The “Fake News” Meme

Published in

OpenLink Software Blog

5 min readNov 28, 2016

Source: https://radio.adelaide.edu.au/wp-content/uploads/2016/11/fake-news.jpg

Social Media is abuzz about the notion of “Fake News” and its impact on recent events such as Brexit and the US Elections, to name just a couple. Irrespective of political persuasion, we can all agree that fallibilities in this regard have been greatly magnified across Facebook, Google, and Twitter.

Unfortunately, though there is a lot of commentary offering solutions, it doesn’t shed much light on what’s really happening here, nor why.

Fake News is simply a consequence of the low-quality structured metadata embedded in Web Pages. Fundamentally, neither humans nor machines (software, bots, etc.) are unable to make sense of Web Content — the familiar Who, What, Where, and When provenance pattern fails as a basis for calculating the Why of any given post.

Situation Analysis

We have a ubiquitous “Web of Documents,” connected by hyperlinks, that contains information (contextualized data) about People, Places, Events, and a variety of other Things. These documents are distributed via publishing networks that include both conventional (or “Old”) and social (“New”) media.

General Problem

We are generally comfortable with using hyperlinks to identify (or name) Web Documents, but most remain quite confused (on a good day!) about using the hyperlinks to identify People, Places, Events, and other Things (or Entities). Even less well understood is the idea of using these same hyperlinks as words (specifically terms) when constructing digital sentences using familiar subject, predicate, object structure.

Identity Problem

Web content publishers haven’t quite understood the consequences of ambiguously identifying entities — of not using unambiguous identifiers — when creating and publishing documents; even worse, they lack tools for creating provenance-oriented document metadata that clearly unveils the Who, What, Where, and When dimensions of any chunk of information (i.e., Who was Where When they wrote What).

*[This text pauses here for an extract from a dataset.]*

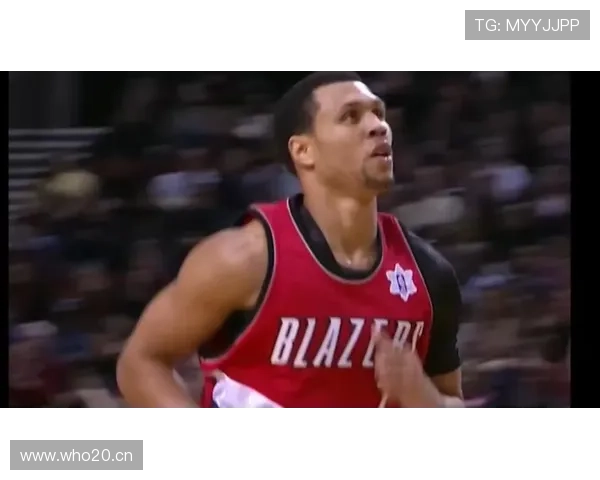 布兰登·罗伊无球跑位创造机会提升季后赛关键得分效率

You cannot determine “Why did they write this?” if you don’t possess the complementary information (provenance-oriented metadata) regarding the Who, What, Where, and When of the writing. It simply isn’t possible, and therein lies the the kernel of this problem, now massively scaled by the ubiquitous Web.

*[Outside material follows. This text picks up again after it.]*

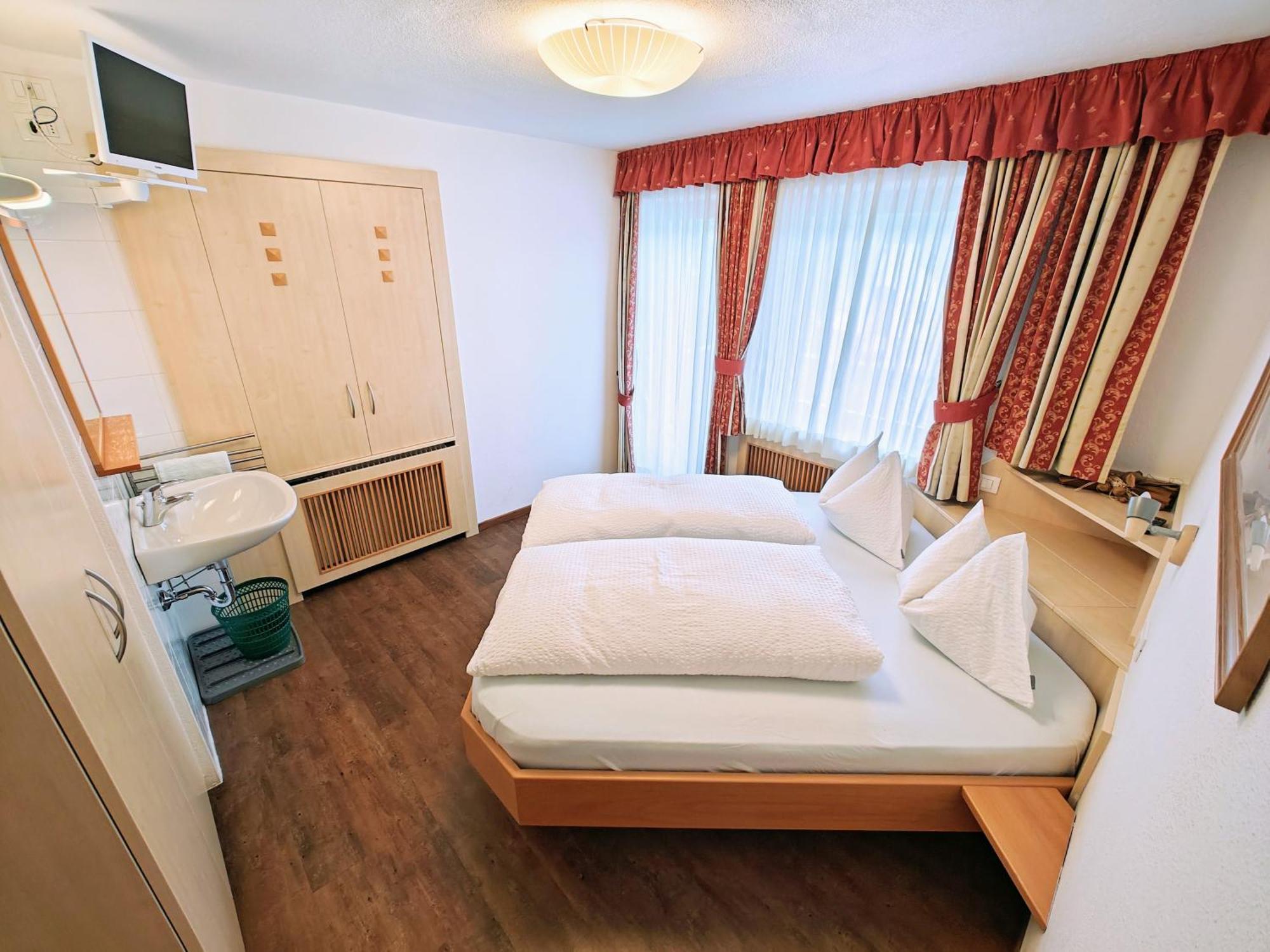 Apartments Brunella La Villa  Buitenkant foto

Proprietary identifiers and opaque “Black Box” algorithms do not offer any useful magic for addressing this fundamental challenge; they simply worsen the problem, as the “Fake News” problem demonstrates.

Solution

Though unknown to most, we already have open standards (from the W3C) aimed at addressing the issues of verifiable identity and of creating document content (information) that is understandable by both humans and machines — using sentences constructed from hyperlinks.

At OpenLink Software, we’ve made a commitment to implement those standards across our product portfolio.

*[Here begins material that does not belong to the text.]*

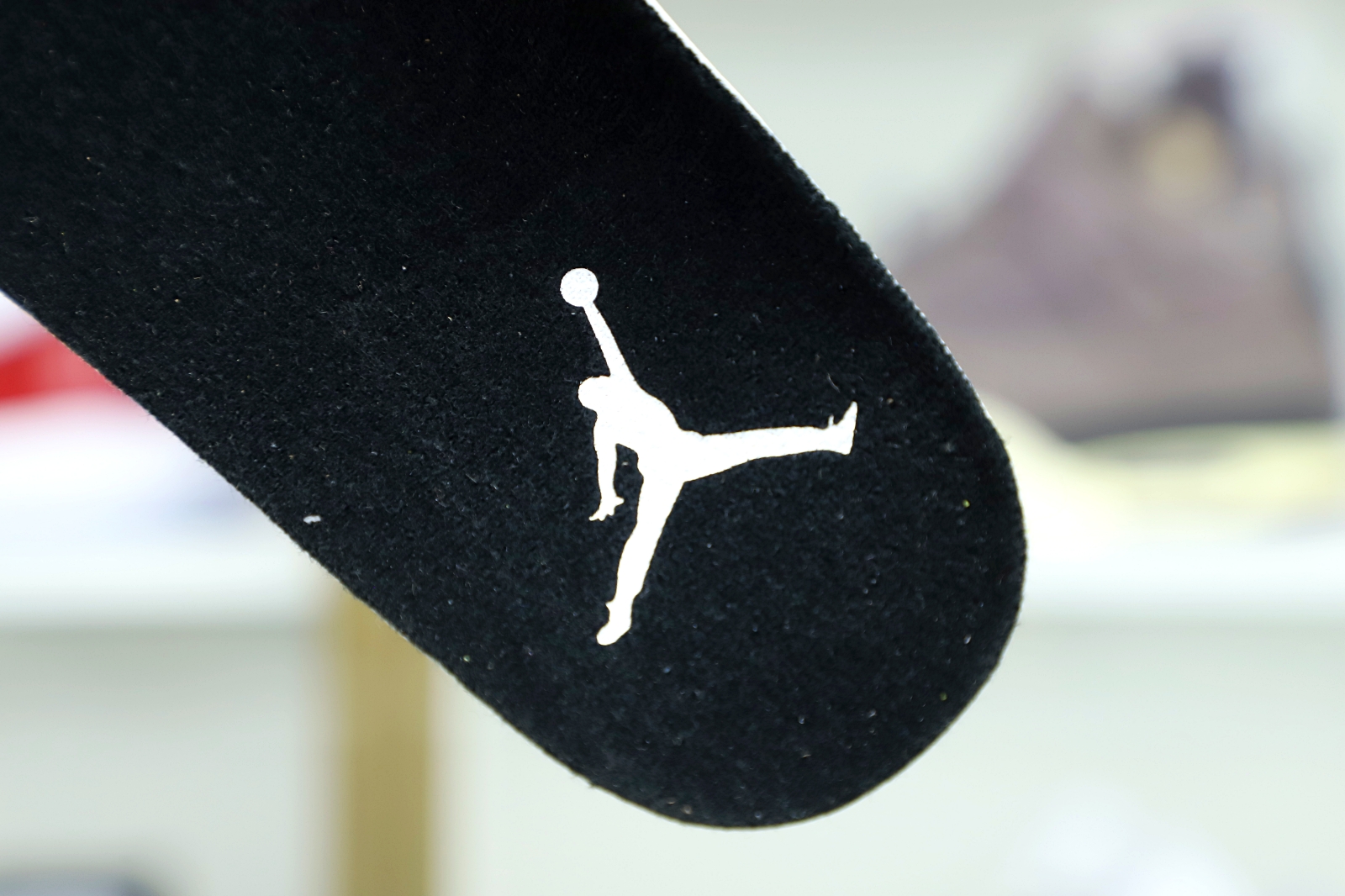 Air Jordan 11 retro low barons - finekick.vip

Here’s a simple step-by-step guide that enables the creation of provenance-oriented metadata and/or information in general:

Revisit what you learned in elementary school about the nature and structure of sentences.
Uniquely identify the subjects of sentences using hyperlinks.
Uniquely identify the predicates (verbs) of sentences using hyperlinks.
Use hyperlinks or literals (in any natural language you like) as the objects of sentences.
Use collections of sentences (each made up of a subject, predicate, and object) to encode information of any kind.

These simple “best practices” are enabled by the W3C’s RDF Language, and are exploitable using a variety of notations, e.g., JSON-LD, RDF-Turtle, RDF-N-triples, RDF-XML, and others.

Reinvigorating what we do in the physical realm (i.e., encode and decode information represented using sentences) is the critical kernel around which provenance-oriented digital algorithms (of the open variety) can be effectively built, en route to providing you with the tools you need to discern the “Why?” of the content you encounter on the Web.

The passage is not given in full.